A production run is a single recorded event of making something: you pick a recipe, say how much you made, and the run handles the inventory consequences. Ingredients are deducted from stock in the quantities the recipe calls for, and the resulting finished goods are added to your sellable inventory.
The production run is where costing and traceability come together. Because it follows a recipe whose ingredients carry current costs, the run captures what that batch actually cost to make. Because it records a batch/lot number, it also creates the link from those finished units back to the specific ingredients used — the backbone of a recall or a quality investigation.

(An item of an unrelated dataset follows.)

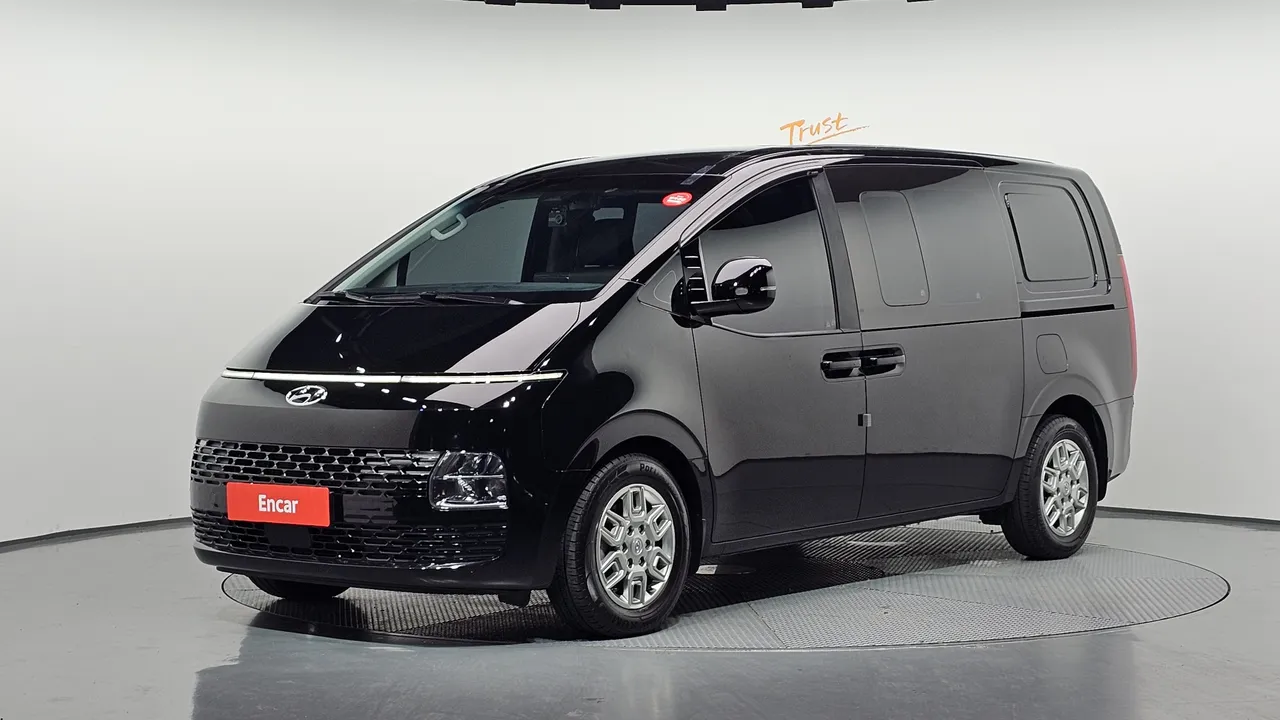 2024 Hyundai Staria L3.5 Cargo 5-Seater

Recording production runs as you go, rather than reconstructing them later, is what keeps raw-material and finished-goods quantities accurate at the same time. Skipping them leaves ingredients looking overstocked and finished goods looking like they appeared from nowhere.
Related terms
Recipe
A defined set of ingredients, quantities, steps, and equipment needed to produce a finished good. Recipes automatically calculate production costs based on current ingredient prices.
Batch/Lot Number
A unique identifier assigned to a production run or group of items produced together. Enables traceability from raw ingredients to finished products for quality control and compliance.
Finished Goods
Products you have manufactured or assembled from raw ingredients and components. These are the completed items ready for sale to customers.
Ingredient
A raw material or component purchased from vendors and used in recipes to produce finished goods. Examples: flour, beads, essential oils, fabric.
Traceability
The ability to trace a finished product back to its source ingredients, production run, and batch numbers. Critical for food safety, quality control, and regulatory compliance.